Anda di sini: Kuliah 3 Idiot » Manajemen Bisnis Media Internet » Ganyang Pembajak Maya di Internet.

Danny Goldberg memulai karirnya sebagai wartawan musik, menulis untuk Rolling Stone, Billboard, dan Village Voice. Ia juga menulis beberapa buku, termasuk How the Left Lost Teen Spirit dan Bumping into Geniuses: My Life inside the Rock and Roll Business. Dialah presiden Village Entertainment, yang mengelola artis-artis musik dan menjadikan karya mereka tersedia bagi publik melalui internet. Goldberg telah menjadi presiden beberapa perusahaan musik lainnya.

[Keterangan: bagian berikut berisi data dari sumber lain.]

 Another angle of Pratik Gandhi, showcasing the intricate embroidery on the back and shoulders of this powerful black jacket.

Selama karirnya, perusahaan-perusahaannya mengelola klien-klien seperti Nirvana, Bonnie Raitt, Hole, Sonic Youth, The Allman Brothers, Rickie Lee Jones, Allanah Myles, Tom Cochrane, dan the Beastie Boys.

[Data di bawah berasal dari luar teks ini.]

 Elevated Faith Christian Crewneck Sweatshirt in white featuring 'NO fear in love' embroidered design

Ganyang Internet & Mitos Anti-SOPA

Diterjemahkan dan disadur dari editorial Danny Goldberg, "Kill the Internet—and Other Anti-SOPA Myths", di The Nation, majalah mingguan tertua Amerika Serikat, pada 24 Januari 2012 | Hak cipta terjemahan Indonesia © 2013 Tiga Idiot

Rencana Undang-Undang Penghentian Pembajakan Online (SOPA) dari Majelis Rendah dan Rencana Undang-Undang Perlindungan Hak Milik Intelektual (PIPA) dari Senat ditangguhkan pekan lalu segera sesudah protes-protes oleh puluhan situs web dan para penggunanya, disamping paduan suara kecaman dari tokoh-tokoh yang paling progresif, termasuk Michael Moore, Cenk Uygur, Keith Olbermann, Alternet, Daily Kos, MoveOn dan banyak orang yang terkait dengan Occupy Wall Street. Dengan mempertimbangkan gairah protes-protes anti-SOPA/PIPA, pengamat sambil-lalu mungkin mengira bahwa para pembela rancangan undang-undang anti-pembajakan itu ada di perkumpulan moral yang sama sebagaimana para penyiksa di [penjara] Abu Ghraib.

Saya yakin, para legislator yang menyusun rancangan undang-undang yang bernasib malang tersebut dan para pelobi industri film yang mendukung mereka itu kurang dapat dibanggakan. Selaku seseorang yang mencari nafkah di bisnis musik yang mewakili para artis yang terluka oleh pembajakan, saya frustasi oleh gagalnya para penganjur rancangan undang-undang tersebut untuk menjelaskan penalaran mereka dengan bahasa yang dapat saya pahami. Ini mungkin karena rancangan undang-undang itu sendiri sangat cacat, tetapi juga mencerminkan delusi bahwa persoalan ini bisa dibereskan di koridor-koridor Washington tanpa debat publik. (Prasangka ini berdasarkan pernyataan Chris Dodd, CEO dan Ketua MPAA, yang dengan gusar mengancam bahwa menyeberangnya pemerintahan Obama ke pihak anti-SOPA/PIPA akan membahayakan kontribusi Hollywood kepada Partai Demokrat.)

Namun sebelum kita merayakan kemenangan "populis" ini, selayaknya diingat bahwa kalahnya SOPA dan PIPA itu juga merupakan menangnya industri teknologi adidaya, yang hampir selalu menundukkan bisnis-bisnis kreatif yang jauh lebih kecil di sidang legislatif. (Google saja menghasilkan lebih dari 37 milyar dolar pada tahun 2011, lebih dari dua kali pendapatan semua perusahaan rekaman, gabungan yang besar dan yang kecil.)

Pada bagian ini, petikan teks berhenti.